There is a need for “significant investment” by the Government to combat the issues facing young people post-Covid , the head of the National Youth Council of Ireland (NYCI) has said.
hief executive Mary Cunningham says research has shown that young people have been adversely impacted by the pandemic over the past 12 months, with a loss of connection, isolation, disrupted relationships and education and a lack of opportunity.
While a report published by NYCI last week shows youth work has “helped mitigate that impact” by maintaining relationships with its users, Mrs Cunningham says more must be done.
“There is a need for tailored responses and significant investment in youth work as we prepare again to emerge from significant restrictions,” she says.
The report, entitled At the Threshold: youth work through the Covid-19 pandemic, found the continuous presence of youth workers had a “significant role” in mitigating some of the effects of the pandemic, such as isolation, poverty and the potential mental health impact on young people.
Respondents to the survey articulated the need for flexibility and self-care strategies from their employing organisations during the pandemic and in the future.
Mandi Tighe, manager of Gorey Youth Needs Group, which works with up to 800 young people each year, says it has been “hugely challenging” for the Co Wexford-based organisation.
“We’ve had to deliver all of our services online and the biggest issue we have found is the digital divide.
“People are presumptuous these days thinking all young people have access to digital technology, but they don’t,” she says. The continuous lockdowns have been a “novelty” to many young people, explains Ms Tighe, “but as it moved on it became boring for young people”.
And while those who suffered from anxiety found those periods a little easier to deal with, the consequence of that could be a “huge increase in young people refusing to go to school, and young people dropping out of school”.
“We will see a massive increase in those issues because of this pandemic,” she says.
Another cohort of young people who have been affected over the last year, says Ms Tighe, are children and teenagers who are residing in Direct Provision.
“Throughout Covid and the period of the lockdown they were the group we were most concerned about because of the lack of technology and how they were severely impacted by isolation.”
Fianna Fáil senator Malcolm Byrne, who has been highlighting the issue with the Government, believes young people “have missed out on so many rites of passage”.

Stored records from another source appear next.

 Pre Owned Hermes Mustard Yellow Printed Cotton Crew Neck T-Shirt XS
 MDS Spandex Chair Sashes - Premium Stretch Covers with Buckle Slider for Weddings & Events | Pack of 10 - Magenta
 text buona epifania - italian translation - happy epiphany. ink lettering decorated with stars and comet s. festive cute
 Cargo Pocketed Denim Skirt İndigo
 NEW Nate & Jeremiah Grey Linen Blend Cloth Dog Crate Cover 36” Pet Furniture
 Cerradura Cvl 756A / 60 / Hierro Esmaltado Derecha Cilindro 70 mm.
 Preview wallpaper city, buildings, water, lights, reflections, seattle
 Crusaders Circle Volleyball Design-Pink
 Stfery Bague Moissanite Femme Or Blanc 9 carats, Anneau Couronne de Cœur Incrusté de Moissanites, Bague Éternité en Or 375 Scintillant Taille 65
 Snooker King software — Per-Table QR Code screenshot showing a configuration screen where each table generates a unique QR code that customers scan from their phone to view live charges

“The Leaving Cert and the completion of school; the first year in college; 18th birthdays; 21sts; meeting friends; going out; building relationships.
“These events shape our lives. We can’t get them back for young people, but we do need to ensure that we provide as many opportunities as quickly as possible to give young people a new deal,” he says.
He’s now part of the sub-group of the Fianna Fáil parliamentary party which is focusing on how to make sure that the National Recovery Plan is “youth-proofed”.
With youth unemployment “off the charts”, Mr Byrne says he doesn’t want a lost year for young people to “turn into a lost decade”.
“We need to listen to young people’s concerns and their dreams,” he says.